The Lituitidae are a family of evolved tarphycerids characterized by a long orthoconic section that follows a coiled juvenile portion at the apex, along with a generally tubular siphuncle, which like that of the barrandeocerids is composed of thin connecting rings.

==Taxonomic position==
Flower and Kummel (1950) included the Lituitidae in the Barranderocerida which are now included in the Tarphycerida as a number of derived families. Furnish and Glenister (1964) removed the Lituitidae to the Tarphycerida on the basis of observed similarities in the structure of the siphuncle. Other taxonomies, e.g. Dzik (1981) include the Lituitidae in the Orthocerida partly on the basis of the subcentral siphuncle and thin connecting rings, on the misconception that Rhynchorthoceras is ancestral.

==Classification==
The Lituitidae comprise two basic groups, based on general form. One is represented by Ancistroceras and Holmiceras and probably includes Angelinoceras. The other is represented by Litoceras, which first appears later in the early Middle Ordovician.

==Characteristics==
The coiled juvenile portions of the Lituitidae are characterized by a deep hyponomic sinus and lateral salients at the aperture, indicating a high degree of mobility. The orthoconic adult portions are characterized by a shallow hyponomic sinus as in Ancistroceras indicating a more passive lifestyle, or a complex aperture with lappets as in Litoceras.
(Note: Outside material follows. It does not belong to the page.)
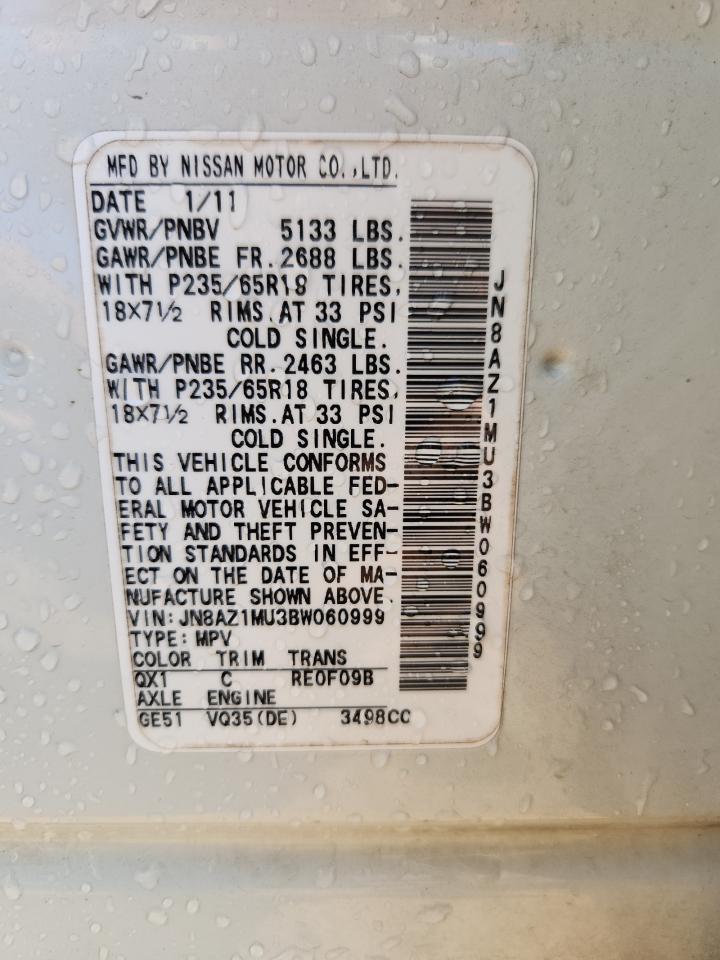2011 Nissan Murano S VIN: JN8AZ1MU3BW060999 Lot: 90646735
==Derivation and evolution==
The earliest known lituitids are Ancistroceras and Holmiceras which made their first appearances in the latter part of the Early Ordovician, well before Rhynchorthoceras. The precise ancestry for either is unknown, although evolutionary possibilities can be found in various tarphyceratid and trocholitid genera. The tendency for the adult tarphycerid shell to unwind, or straighten out, is well documented. This even occurs in some ammonoids, in the ammonitid Bacultidae and in the ceratitid Choristoceratidae. Nowhere is there any direct evidence of orthoconic forms developing coiling at their apexes nor does any obvious advantage exist for them to have done so.